Spatiotemporal Evolution and Rank–Size Pattern of Chinese Urban Settlements

Abstract

Accurate and timely urban boundaries can effectively quantify the spatial characteristics of urban evolution and are essential for understanding the impacts of urbanization processes and land-use changes on the environment and biodiversity. Currently, there is a lack of long time-series, high-resolution, nationally consistent Chinese urban boundary data for urban research. In this study, the city clustering algorithm was used to generate urban settlement boundaries in China based on the local density, size, and spatial relationships of impervious surfaces. The results showed that both the area and the number of urban settlements in China revealed an upward trend from 1985 to 2020, with East China (EC) being much higher than other regions and South China showing the most significant growth rate.

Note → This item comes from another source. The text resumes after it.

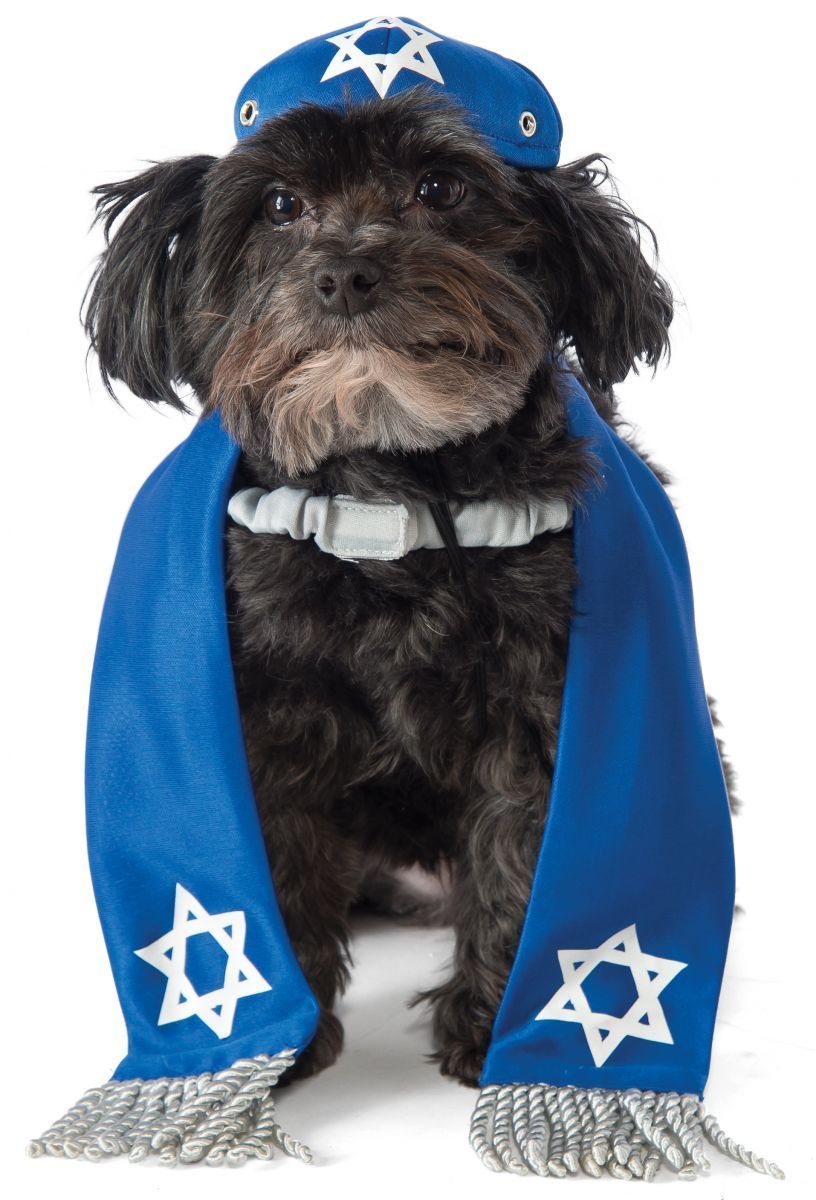 Other Pet Toy Dog Yarmulke and Tallis Set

The average area ratio of urban green space in China was 41.68%, with the average area ratio in EC being higher than in other regions. Meanwhile, Zipf’s law was used to verify the universality of urban settlement rank–size; the changes in the Zipf index from 1985 to 2020 also revealed that China’s urban size tended to be concentrated, and the development of large urban settlements was relatively prominent. The urban definition method we propose in this study can divide urban boundaries efficiently and accurately, identify urban expansion hotspots, and promote research on farmland loss and ecological land degradation, further exploring the impacts of urbanization on food security, biodiversity, and carbon sequestration. By coupling big data such as economy, energy, and population with urban evolution patterns, urban managers can analyze current and future problems in urban development, thereby providing scientific decision-making for urban sustainability.